• **SUPPLIED INFORMATION**:

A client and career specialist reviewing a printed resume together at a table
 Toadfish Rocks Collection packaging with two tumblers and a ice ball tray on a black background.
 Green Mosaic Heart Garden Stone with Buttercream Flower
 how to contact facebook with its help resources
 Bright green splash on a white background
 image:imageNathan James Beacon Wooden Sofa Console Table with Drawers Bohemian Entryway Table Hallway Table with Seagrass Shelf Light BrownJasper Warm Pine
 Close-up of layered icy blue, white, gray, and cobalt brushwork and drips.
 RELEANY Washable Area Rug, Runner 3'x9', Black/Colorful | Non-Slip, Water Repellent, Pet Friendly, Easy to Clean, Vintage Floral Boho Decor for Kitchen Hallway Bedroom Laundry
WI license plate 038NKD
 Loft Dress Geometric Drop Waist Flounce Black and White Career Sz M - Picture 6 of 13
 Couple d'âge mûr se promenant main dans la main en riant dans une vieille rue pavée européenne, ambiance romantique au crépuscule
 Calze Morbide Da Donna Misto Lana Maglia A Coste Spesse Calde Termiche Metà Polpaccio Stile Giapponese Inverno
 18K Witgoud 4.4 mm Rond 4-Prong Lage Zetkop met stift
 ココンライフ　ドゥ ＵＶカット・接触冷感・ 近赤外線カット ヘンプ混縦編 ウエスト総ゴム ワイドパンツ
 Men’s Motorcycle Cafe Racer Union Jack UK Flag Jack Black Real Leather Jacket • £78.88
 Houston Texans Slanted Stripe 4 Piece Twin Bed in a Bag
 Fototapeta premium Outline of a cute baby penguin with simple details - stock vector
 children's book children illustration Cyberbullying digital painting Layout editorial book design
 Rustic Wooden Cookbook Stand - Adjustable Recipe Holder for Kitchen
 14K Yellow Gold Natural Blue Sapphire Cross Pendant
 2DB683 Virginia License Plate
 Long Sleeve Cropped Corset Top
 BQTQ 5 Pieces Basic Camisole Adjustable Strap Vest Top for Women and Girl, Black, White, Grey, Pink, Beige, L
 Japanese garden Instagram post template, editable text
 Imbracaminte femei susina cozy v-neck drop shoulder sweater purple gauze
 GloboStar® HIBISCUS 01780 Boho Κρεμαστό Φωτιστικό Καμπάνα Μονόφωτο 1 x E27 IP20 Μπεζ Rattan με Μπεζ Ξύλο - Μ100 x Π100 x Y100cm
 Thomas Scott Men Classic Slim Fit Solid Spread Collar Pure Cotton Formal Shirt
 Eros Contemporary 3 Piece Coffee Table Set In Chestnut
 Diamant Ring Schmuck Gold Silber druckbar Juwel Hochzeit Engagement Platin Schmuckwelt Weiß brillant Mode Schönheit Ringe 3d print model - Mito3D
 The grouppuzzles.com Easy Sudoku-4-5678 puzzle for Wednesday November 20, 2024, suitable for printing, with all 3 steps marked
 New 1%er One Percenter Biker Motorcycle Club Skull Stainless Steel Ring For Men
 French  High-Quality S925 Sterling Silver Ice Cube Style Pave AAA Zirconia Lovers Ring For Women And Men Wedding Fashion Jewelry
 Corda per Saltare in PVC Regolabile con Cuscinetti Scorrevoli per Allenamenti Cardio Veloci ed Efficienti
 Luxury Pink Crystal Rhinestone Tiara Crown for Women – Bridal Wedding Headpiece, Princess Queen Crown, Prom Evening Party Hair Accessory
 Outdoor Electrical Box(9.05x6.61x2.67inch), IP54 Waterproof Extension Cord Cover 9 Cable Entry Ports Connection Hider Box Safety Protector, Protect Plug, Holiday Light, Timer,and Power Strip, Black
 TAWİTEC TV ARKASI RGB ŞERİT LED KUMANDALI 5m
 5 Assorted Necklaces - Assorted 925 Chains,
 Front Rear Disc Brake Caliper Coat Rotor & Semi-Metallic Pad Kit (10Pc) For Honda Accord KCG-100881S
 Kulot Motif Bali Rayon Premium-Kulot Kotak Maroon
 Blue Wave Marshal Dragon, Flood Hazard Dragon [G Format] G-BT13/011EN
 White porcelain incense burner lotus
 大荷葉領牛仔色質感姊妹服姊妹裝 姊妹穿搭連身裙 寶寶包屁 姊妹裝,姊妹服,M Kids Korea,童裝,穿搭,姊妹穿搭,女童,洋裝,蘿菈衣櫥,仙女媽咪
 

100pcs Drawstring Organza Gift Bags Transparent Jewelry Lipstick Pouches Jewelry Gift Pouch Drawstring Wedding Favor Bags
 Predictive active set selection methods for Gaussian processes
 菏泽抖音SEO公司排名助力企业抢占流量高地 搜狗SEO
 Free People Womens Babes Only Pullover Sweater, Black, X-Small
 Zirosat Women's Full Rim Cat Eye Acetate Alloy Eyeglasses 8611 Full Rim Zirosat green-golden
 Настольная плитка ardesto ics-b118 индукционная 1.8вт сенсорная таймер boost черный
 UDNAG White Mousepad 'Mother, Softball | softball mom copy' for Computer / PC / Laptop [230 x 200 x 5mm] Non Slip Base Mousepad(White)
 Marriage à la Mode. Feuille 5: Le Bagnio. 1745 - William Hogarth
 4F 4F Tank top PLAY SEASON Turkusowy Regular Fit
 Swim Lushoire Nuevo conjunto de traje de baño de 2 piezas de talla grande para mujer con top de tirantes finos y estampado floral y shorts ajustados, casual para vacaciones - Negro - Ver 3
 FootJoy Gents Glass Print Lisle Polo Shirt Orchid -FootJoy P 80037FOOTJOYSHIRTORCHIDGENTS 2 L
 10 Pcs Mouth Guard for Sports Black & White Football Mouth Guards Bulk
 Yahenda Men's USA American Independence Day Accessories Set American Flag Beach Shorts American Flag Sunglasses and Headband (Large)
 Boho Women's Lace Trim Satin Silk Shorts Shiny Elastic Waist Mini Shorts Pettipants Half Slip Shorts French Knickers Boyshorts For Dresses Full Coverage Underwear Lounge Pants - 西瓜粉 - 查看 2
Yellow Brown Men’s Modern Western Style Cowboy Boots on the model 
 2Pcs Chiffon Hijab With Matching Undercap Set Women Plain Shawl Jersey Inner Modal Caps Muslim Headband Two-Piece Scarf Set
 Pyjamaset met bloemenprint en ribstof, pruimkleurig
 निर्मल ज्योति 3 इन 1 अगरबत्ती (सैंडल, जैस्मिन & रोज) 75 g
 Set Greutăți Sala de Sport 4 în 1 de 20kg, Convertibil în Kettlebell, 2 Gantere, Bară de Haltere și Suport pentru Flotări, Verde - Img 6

• **EXERCISE GOAL**: Reproduce exactly, and only, the part of the listing above that begins at the line with "Fototapeta premium Outline" and goes on through the line with "Imbracaminte femei susina".

• **RESPONSE TO THE TASK**:
 Fototapeta premium Outline of a cute baby penguin with simple details - stock vector
 children's book children illustration Cyberbullying digital painting Layout editorial book design
 Rustic Wooden Cookbook Stand - Adjustable Recipe Holder for Kitchen
 14K Yellow Gold Natural Blue Sapphire Cross Pendant
 2DB683 Virginia License Plate
 Long Sleeve Cropped Corset Top
 BQTQ 5 Pieces Basic Camisole Adjustable Strap Vest Top for Women and Girl, Black, White, Grey, Pink, Beige, L
 Japanese garden Instagram post template, editable text
 Imbracaminte femei susina cozy v-neck drop shoulder sweater purple gauze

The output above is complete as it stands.